Easy Chicago-style Spaghetti

A comforting and quick dish built around hearty Italian sausage and a simple crushed tomato sauce, perfect for weeknight dinners.
Prep Time 10 minutes
Cook Time 20 minutes
Total Time 30 minutes
Servings: 4 servings
Course: Dinner, Main Course
Cuisine: Italian
Calories: 600

Ingredients
  

Essentials
  • 12–16 ounces Spaghetti Depending on servings
  • 1 pound Italian sausage Choose beef, chicken, turkey, or plant-based
  • 1–2 tablespoons Olive oil
  • 3 cloves Garlic, minced
  • 1 medium Onion, finely chopped
  • 28 ounces Canned crushed tomatoes One can
  • 1–2 teaspoons Italian seasoning
  • to taste Salt
  • to taste Black pepper, freshly ground
  • to serve Parmesan cheese, freshly grated For serving
Optional add-ons
  • to taste Crushed red pepper flakes For heat
  • 1 handful Fresh basil or parsley, chopped Stirred in at the end
  • 1 splash Heavy cream or 1 tablespoon of butter For a silkier sauce
  • to taste Grated Pecorino Romano To mix with or swap for Parmesan
  • a few Sliced mushrooms, bell peppers, or baby spinach For extra veggies
  • to taste Toasted breadcrumbs For a crunchy topping

Method
 

Preparation
  1. Bring a large pot of salted water to a rolling boil.
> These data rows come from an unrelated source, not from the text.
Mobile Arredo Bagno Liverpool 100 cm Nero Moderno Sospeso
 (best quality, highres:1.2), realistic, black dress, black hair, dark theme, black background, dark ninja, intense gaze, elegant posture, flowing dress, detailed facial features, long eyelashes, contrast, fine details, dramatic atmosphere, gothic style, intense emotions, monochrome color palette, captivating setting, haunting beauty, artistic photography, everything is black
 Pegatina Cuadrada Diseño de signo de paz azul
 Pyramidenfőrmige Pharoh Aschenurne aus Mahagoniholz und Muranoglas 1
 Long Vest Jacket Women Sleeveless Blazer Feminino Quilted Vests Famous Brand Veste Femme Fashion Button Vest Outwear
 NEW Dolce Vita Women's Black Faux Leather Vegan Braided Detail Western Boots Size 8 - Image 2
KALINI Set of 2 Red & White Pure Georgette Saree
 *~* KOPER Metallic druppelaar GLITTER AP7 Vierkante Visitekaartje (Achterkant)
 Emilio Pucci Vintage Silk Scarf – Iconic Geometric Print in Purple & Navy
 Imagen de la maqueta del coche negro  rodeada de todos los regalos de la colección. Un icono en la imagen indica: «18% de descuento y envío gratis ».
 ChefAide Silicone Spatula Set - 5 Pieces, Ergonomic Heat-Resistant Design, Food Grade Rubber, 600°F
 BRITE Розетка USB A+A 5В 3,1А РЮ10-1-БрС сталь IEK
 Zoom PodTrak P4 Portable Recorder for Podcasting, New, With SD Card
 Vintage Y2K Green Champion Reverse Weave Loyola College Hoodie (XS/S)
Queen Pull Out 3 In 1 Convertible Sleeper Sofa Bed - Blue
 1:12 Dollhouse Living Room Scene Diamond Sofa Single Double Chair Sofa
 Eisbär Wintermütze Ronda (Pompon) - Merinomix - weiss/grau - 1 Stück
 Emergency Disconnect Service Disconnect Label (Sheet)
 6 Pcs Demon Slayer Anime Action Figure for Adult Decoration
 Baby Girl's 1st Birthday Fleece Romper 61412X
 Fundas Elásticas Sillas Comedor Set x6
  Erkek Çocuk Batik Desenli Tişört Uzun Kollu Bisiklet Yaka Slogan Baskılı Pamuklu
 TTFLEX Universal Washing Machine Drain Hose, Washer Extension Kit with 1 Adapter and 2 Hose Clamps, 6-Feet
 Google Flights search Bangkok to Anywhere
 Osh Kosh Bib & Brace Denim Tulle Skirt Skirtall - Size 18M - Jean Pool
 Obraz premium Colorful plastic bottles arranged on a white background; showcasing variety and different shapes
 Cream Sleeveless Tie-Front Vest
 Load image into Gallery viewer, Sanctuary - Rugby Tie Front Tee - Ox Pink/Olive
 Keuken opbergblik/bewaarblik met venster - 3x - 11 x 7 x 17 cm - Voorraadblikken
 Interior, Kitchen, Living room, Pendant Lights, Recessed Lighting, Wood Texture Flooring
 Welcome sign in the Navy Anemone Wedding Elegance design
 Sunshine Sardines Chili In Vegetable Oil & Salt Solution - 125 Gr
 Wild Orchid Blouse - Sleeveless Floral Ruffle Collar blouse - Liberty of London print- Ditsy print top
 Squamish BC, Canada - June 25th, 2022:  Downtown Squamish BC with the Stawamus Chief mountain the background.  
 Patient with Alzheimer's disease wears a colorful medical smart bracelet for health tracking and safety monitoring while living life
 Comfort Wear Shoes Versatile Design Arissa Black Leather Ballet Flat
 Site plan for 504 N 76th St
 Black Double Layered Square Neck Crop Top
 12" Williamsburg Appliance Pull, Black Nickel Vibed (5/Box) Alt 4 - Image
Add the spaghetti and cook according to the lower end of the package time for al dente, about 8–10 minutes. Reserve 1 cup of the pasta cooking water before draining.
  2. Drain the pasta and set aside while you finish the sauce.
Cooking the Sauce
  1. Heat a large skillet over medium heat and add 1 to 2 tablespoons of olive oil.
  2. Add the chopped onion and sauté until translucent, about 4–6 minutes. Add minced garlic and cook for 30–45 seconds until fragrant.
  3. Add the Italian sausage and brown it for about 6–8 minutes, breaking it into small pieces as it cooks.
  4. If there’s excess fat, spoon out most of it. Pour in the crushed tomatoes and sprinkle in Italian seasoning. Season with salt and pepper. Let simmer for 8–12 minutes.
  5. Adjust the seasoning as needed. If too acidic, stir in a pinch of sugar or butter.
Final Assembly
  1. Add the drained spaghetti to the skillet with sauce. Toss to coat and loosen with reserved pasta water if necessary. Cook for an additional 1–2 minutes.
  2. Divide among plates and top with Parmesan cheese, olive oil, red pepper flakes, or fresh herbs if desired.

Notes

To avoid overcooking the pasta, always aim for al dente and test a strand a minute or two early. Reserve pasta water to help adjust sauce texture.